Investing for Young People Part 3: Differentiating Mutual Funds

Mutual fundMagnifying glass

Perhaps jumping into the stock market has turned out to be more of a chore than you and your child anticipated. If savings bonds and GICs are not offering the rates of return you and your child would like to see their savings yielding, mutual funds are a promising alternative.

At current Canadians have well over 1,200 different mutual funds to select from. How do you know which is right for you? Here is some general information on the various types of mutual funds available in Canada.

Money market and treasury bill funds: These funds are well suited to the conservative investor seeking a safe return that beats those offered by high interest savings accounts or locked in guaranteed return investments by two to three per cent. Money-market funds invest in short-term debt securities such as T-bills – meaning the investment is going toward short-term loans for various governmental bodies. With that kind of clout behind them, money-market funds can be fairly well relied on to generate a modest return. They are a good place to invest when other funds or products appear volatile, or when wishing to keep a safety sum liquid. Unlike other funds, money market funds keep the unit price fixed, meaning only the fund’s return fluctuates.

Fixed income funds: These funds also invest in T-bills, as well as debentures, bonds and mortgages. The aim of fixed income funds is to provide solid, high income payments with the potential for some capital gains. These funds are preferred over money market funds for longer term investing.

Equity funds: These funds are recommended for long term growth, as they generate capital gains from their investment in the common and preferred shares of Canadian companies. Ordinarily, this is where you put your money if you are planning to leave it for at least five years.

Balanced funds: These funds offer the investor a mixed bag investment in common stock, preferred shares, cash and bonds.

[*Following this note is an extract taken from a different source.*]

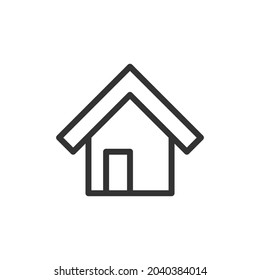 Thin line icon of apartment. Vector outline sign for UI, web and app. Concept design of apartment icon. Isolated on a white background.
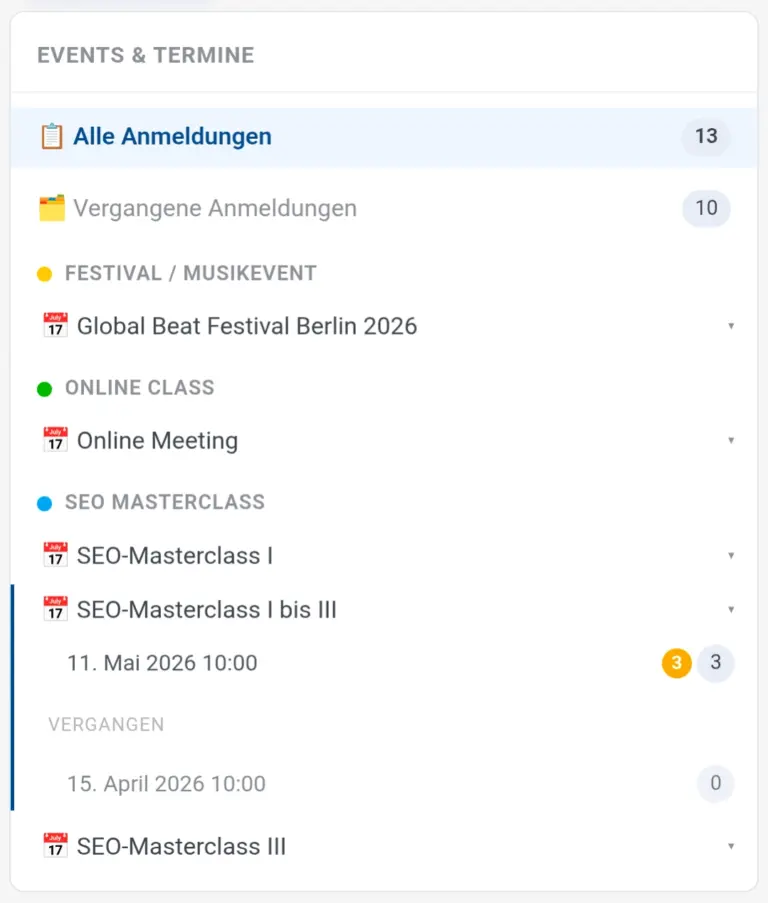 PocketEvents Pro Smartphone App: Anmeldungen filtern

Special equity funds: These are funds that specialize, or focus, in specific markets, such as natural resources, precious metals or real estate. Because of their narrow scope in one sector, their value will spike and fall on the basis of that sector’s performance. Most investors will only allocate a controlled portion of their investment dollars toward this type of fund, and watch those dollars carefully.

Dividend funds: These funds invest in the dividend-paying preferred shares of Canadian or U.S. corporations as well as the common shares projected to generate a solid level of dividend income. Dividend returns are usually taxed at a lower rate than other returns, one bonus to this type of fund. Like equity funds, dividend funds offer the potential for long-term capital growth and thus are usually better invested in for longer terms.

Global funds: These are funds that invest in international money-market securities, bonds and stocks. Investors will often allocate some dollars to these funds to offer a greater range of diversification to their portfolio. If stocks are down in Canada, they may be faring better in Germany or one of the BRIC emerging markets. Most investors will not put all of their eggs into the global fund basket, but will allocate an egg or three depending on the predicted growth potential of the particular global fund.

Tips for Investing in Mutual Funds

Like a stock broker’s commission, mutual fund managers will also charge their piece of the pie for managing the fund you invest in. Try to find funds where this fee is reasonable. If that fee is 2.5%, that is 2.5% worth of growth you will loose out on. In addition, remember that returns on investment are taxed, unless they are investments located within you Tax Free Savings Account (TFSA) or RRSP. An investment that earns return within an RRSP will not be taxed until the year it is withdrawn, but return earned within a TFSA will not be taxed at all.

You’re annual contribution limit within a TFSA is $5,000 per annum. That means each year you could allocate $3,000 to an equity or balanced fund for long-term growth, and play with the remaining $2,000 in specialized or dividend funds.

When you research specific funds you should ensure you understand the fund’s particular objective and risk level. If these are dollars you cannot afford to loose, the majority of your monies should be put in low risk funds that state their objective as long-term, steady growth.

Most financial experts suggest that the younger the investor, the more risk they can afford to take. That is purely your child’s decision. While more risk opens the door to greater reward, a moderate investment plan may better suit your child’s goals.

Each fund will be attributed a volatility rating indicating the risk they present. For instance, a money-market fund may garner a rating of 1 while European Equity is stated at 3.8. Remember that though Canadian Equity funds might average 3.6, the individual funds can range from 2 to 8. Examine the ratings attributed to the specific fund you are interested in and determine together if it suits the child’s risk tolerance.

Diversification almost always gives the best results and minimizes overall losses. Should one investment sink, another will most likely prosper. Spend a good amount of time in the office of your financial planner or online reading how the funds you are interested in are managed, what they project to earn, and how they have been doing over time. Try to pick funds that look like they’re on their way up after a brief dip; funds that make sense to you; and most important of all, don’t select just one.